Ему было очень тяжело года четыре назад, когда его долбили все подряд за все, что бы он ни сделал. Теперь шавки затихли – не трогают, не осмеливаются.
Если бы мы с Никитой не были братьями, никто не стал бы нас сравнивать. А так – постоянно идет сравнение. Особенно забавно об этом слышать от людей, которые работают со мной и с ним. Скажем, у клана моих монтажниц и клана монтажниц Никиты спор, чей режиссер лучше, случалось, кончался чуть ли не дракой.
– А ваш-то что сделал? А наш вот эту картину! И еще эту!
Забавно! Ярость просто с пеной у рта. У них свое состязание, свои счеты. Кто бы подумал, до каких жестоких форм это может дойти. Почти уже рукоприкладство.
Ну конечно, мы постоянно себя с кем-то сравниваем. Хотя что там делить славу! Мы давно уже не молодые люди. Каждый из нас уже перевалил вершину своей жизненной траектории. Я бы назвал все это вместе -комплекс старшего брата.
ВЛАСТЬ
Я родился и жил в стране, остававшейся православной даже тогда, когда она была объявлена атеистической.
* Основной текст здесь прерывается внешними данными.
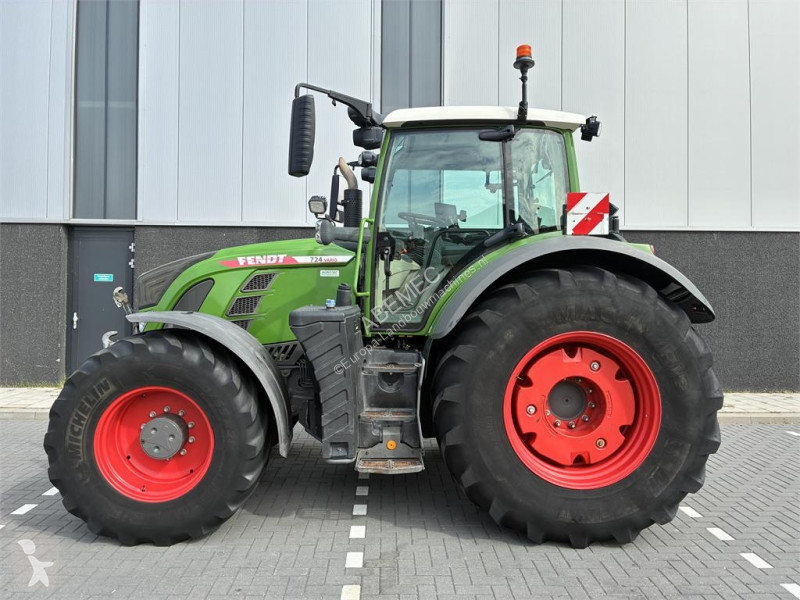 Сільськогосподарський трактор Fendt 724...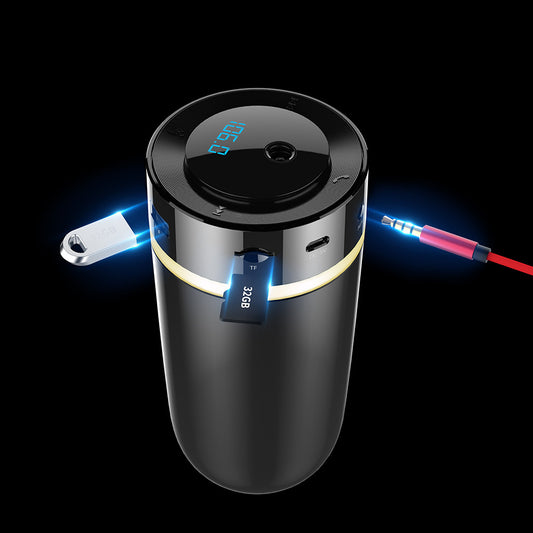 Air purification with humidifier in Bluetooth music car - FLIPSTYLEZLLC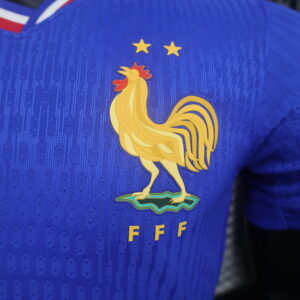 CAMISA FRANÇA HOME 2024 JOGADOR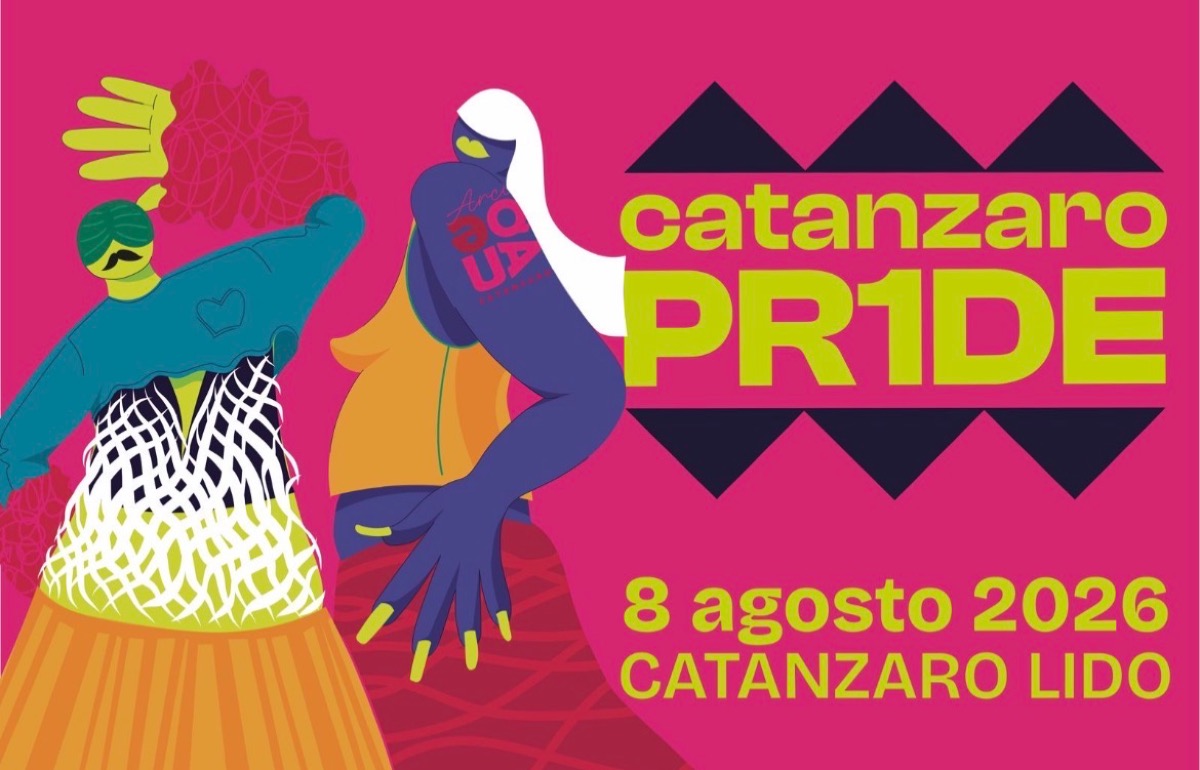 Catanzaro avrà il suo primo Pride: appuntamento l’8 agosto sul lungomare  - 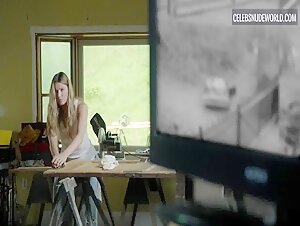 Ivana Miličević Blonde, Sexy scene in Banshee (2013-2016) 9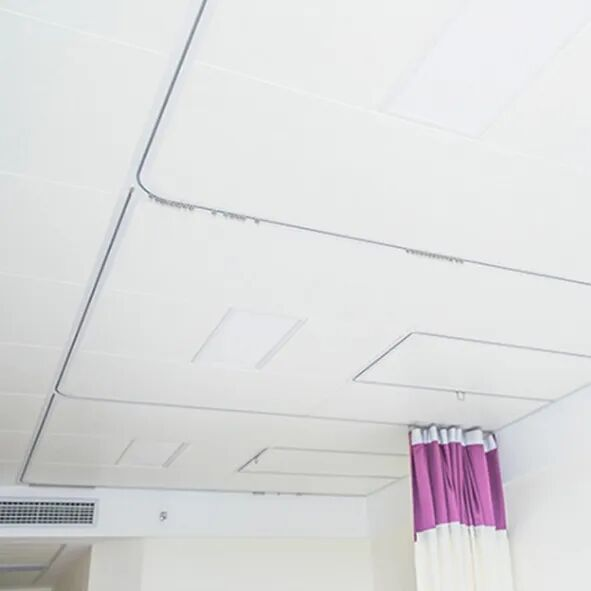 暗装床帘及输液轨道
Крещен я был в год своего рождения; отец предпочитал вообще не знать, что меня крестили; крестил меня в достопамятном 1937-м дед, священника позвать боялись, да и позвать было некого – в округе их всех посажали. Дед крестил меня сам, по книжкам, по полному обряду, как то положено. Не могу сказать, что дед был человеком очень религиозным, но иконы в доме висели – в правом, красном углу. Горели лампадки. С детства в меня вошло ощущение обряда, бабушкины крестики, молитвы, поклоны, какие-то таинства в тишине. Это все часть русской жизни. Как и православная пасха, как и языческая масленица.
– Мама, что будет на сладкое? – спрашивал я. Когда ничего на сладкое не было, мама отвечала:
– Крестики и поклоны.
Я не очень понимал, что это значит – крестики и поклоны, ну, может, печенье в виде крестиков.
Мама молилась, у нее была иконка, потом даже иконостасик. Чем старше становилась она, тем религиознее.